- Theatrical release poster
- Directed by: Marcus Raboy
- Written by: Ice Cube
- Produced by: Matt Alvarez Ice Cube
- Starring: Ice Cube Mike Epps Jeezy Darris Love Julio Oscar Mechoso Tamala Jones Lil' JJ Glenn Plummer
- Cinematography: Tom Priestley Jr.
- Edited by: Robert Ivison
- Music by: John Murphy
- Production companies: Cube Vision Dimension Films
- Distributed by: Third Rail Releasing
- Release date: October 16, 2009;
- Running time: 85 minutes
- Country: United States
- Language: English
- Budget: $10 million
- Box office: $10,069

= Janky Promoters =

2009 film directed by Marcus Raboy

Janky Promoters is a 2009 American comedy film, starring Ice Cube and Mike Epps who play "janky" promoters who book rapper Jeezy to play at their concert, only to fail at doing it the right way and thus getting into more trouble than they bargained for.

==Plot==

The film begins with a flash forward to a later scene in the movie in which Russell Redds (Cube) and Jellyroll (Epps) are running out of a concert being chased by an angry mob as they drive off in Russell's car. The plot starts off with Russell coming home late and sneaking into his wife's purse to get her checkbook. He then hears her wake up and pretends to sleep only to be caught by his wife who already knows what happened. This indicates that Russell does not have all the money for the concert yet.
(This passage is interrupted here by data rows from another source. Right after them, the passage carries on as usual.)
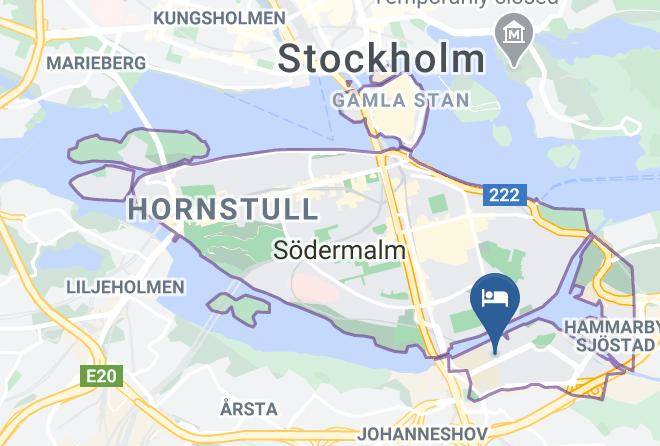 Stockholm - Motel L Hammarby Sjostad Maps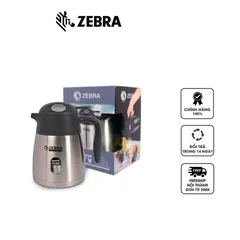 Bình Giữ Nhiệt Inox Smart V Zebra Có Lọc Trà - Phiên Bản Dung Tích 1.2L, 1.5L, 2L, Giữ Nhiệt 12 Giờ, Bình Thủy Tinh Thời Trang, Tặng Bạn Bè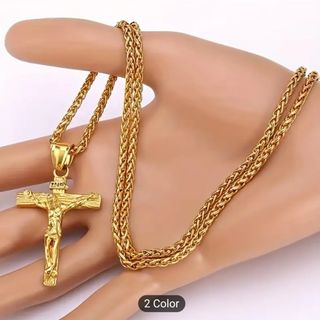 Crucifijo Jesús - Collar Oro/Plata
Meanwhile, his co-partner Jellyroll is fooling around with another man's wife at a hotel only to be encountered by a television show's crew (a cameo appearance by Joey Greco) who hunts down people who cheat on their loved ones. Suddenly Gina's husband Ronnie, who is a cop, drives into the parking lot and starts to shoot at them from his cop car as Jellyroll and Gina escape by car.

Russell visits his mom and begs for money but is turned down and is forced to steal his wife's checkbook while she is in the shower. He checks up on his son, who goes by Yung Semore, and makes sure he is ready to open up for Young Jeezy to perform at the concert. He continues his plans by picking up Jellyroll and getting a rent-a-van to pick up Young Jeezy instead of getting a limo. He gets Jellyroll to pick them up from the airport as he runs errands around Modesto, California getting more money or getting hotel reservations for the rapper and his entourage.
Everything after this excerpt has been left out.